NO MORE TECHNO-RATIONALISM: One objective of the EcoRedux project is to question mainstream current perceptions of sustainability and the LEED program, as a technical classification tool that empowers capitalist production, creating a new revenue source veiled by the ethics of environmentalism. In contrast to holistic future predictions to save the world, EcoRedux may point to an unorthodox field of adhoc ecology, for specific needs, places and purposes. This position differs from utopia in that it does not explicitly seek to be right; it recognizes pollution and waste as generative potential for design. In this sense, projects that may appear at first sight as science-fictional are not part of a foreign sphere, unassociated with the real, but an extrusion of our own realms and operations.
The EcoRedux manifesto was presented in the book launch of “EcoRedux: Design Remedies for an Ailing Planet,” a special issue of Architectural Design (AD) magazine (2010). The event was organized at the Storefront for Art and Architecture in New York on February 25, 2011. Other participants invited to present EcoRedux manifestos included Chris Perry, Jimenez Lai, Mark Wigley, Michael Young, Michelle Addington, Mitchell Joachim (Terreform ONE), Peder Anker, Rafi Segal and Eva Franch i Gilabert.
The EcoRedux AD issue was edited by Lydia Kallipoliti and included contributions of Anthony Vidler, Fabiola Lopez-Durand & Nikki Moore, Mark Wigley, Lydia Kallipoliti, Matthias Hollwich & Marc Kushner (HWKN), Francois Roche (R & Sie(n) architects), Eva Franch i Gilabert, Alexandros Tsamis, Anna Pla Catala, Eric Vergne, Rafi Segal, Jonathan Enns, Mitchell Joachim (Terreform ONE) and Brian Carter.
EcoRedux can be purchased in Amazon:
EcoRedux was also a series of exhibitions curated and designed by Lydia Kallipoliti at the Byzantine Museum of Athens, Greece (2008), Columbia University in New York (2009), the Cooper Union in New York (2010) and the Design Museum of Barcelona, Disseny Hub (2011). The traveling exhibition received reviews from a series of publications including Domus magazine, Cyan magazine and Slam Lab magazine.
Foremost, EcoRedux is an online non-profit educational resource for ecological experiments in the 1960s and 1970s and their potential creative reuse in contemporary design culture.
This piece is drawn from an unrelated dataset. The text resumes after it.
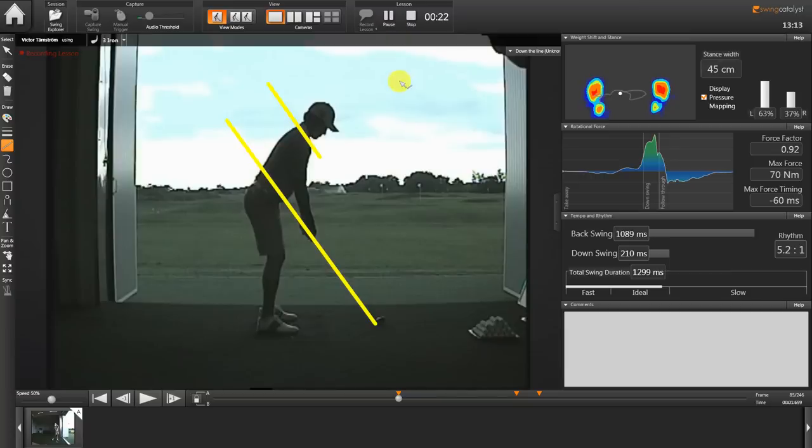From the beginning we've always worked on the swing plane in his swing, and he has since then been a very straight player.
The research for this website is a byproduct of my PhD thesis at Princeton and started from the idea of opening up archival boxes, which for the architectural historian are in most cases secretively locked and guarded in a drawer. EcoRedux is a public online archive and an open-source database, with a double function: first to explore the history of the period in assembling a genealogical archive and second to reuse the archive as a generative device for design. Given, the open source nature of the project, architects and designers are able to actively participate in the expansion of the website by submitting for upload their own interpretations of ecological experiments that are documented in the archive. EcoRedux is an expanding, growing resource: a wikipedia for designers to expand their knowledge and trigger new ecological projects.